═════ RECORD EXCERPTS ═════

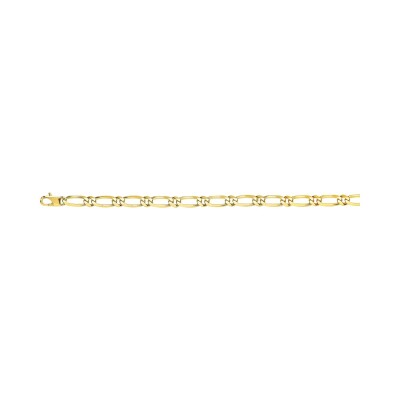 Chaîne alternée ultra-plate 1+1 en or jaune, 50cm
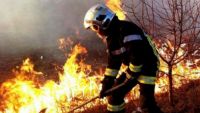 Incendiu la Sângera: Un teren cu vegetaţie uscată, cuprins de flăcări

═════
═════ RECORD EXCERPTS ═════

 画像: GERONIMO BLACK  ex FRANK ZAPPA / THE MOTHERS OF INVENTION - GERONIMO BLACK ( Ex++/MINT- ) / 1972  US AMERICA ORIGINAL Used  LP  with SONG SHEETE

═════
═════ RECORD EXCERPTS ═════

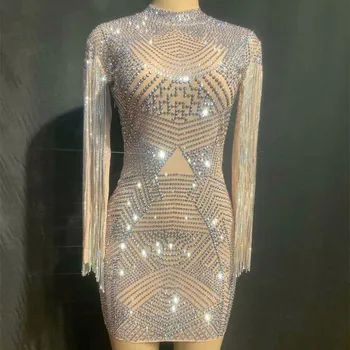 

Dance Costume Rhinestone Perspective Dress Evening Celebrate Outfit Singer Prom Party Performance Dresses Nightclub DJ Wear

═════

_TASK DIRECTIONS_
Exact copy, pictures excluded: every line above from the one containing "Chaîne alternée ultra-plate" to the one containing "Incendiu la Sângera: Un", inclusive, and nothing more.

_SOLUTION FOR THIS TASK_
 Chaîne alternée ultra-plate 1+1 en or jaune, 50cm
 Incendiu la Sângera: Un teren cu vegetaţie uscată, cuprins de flăcări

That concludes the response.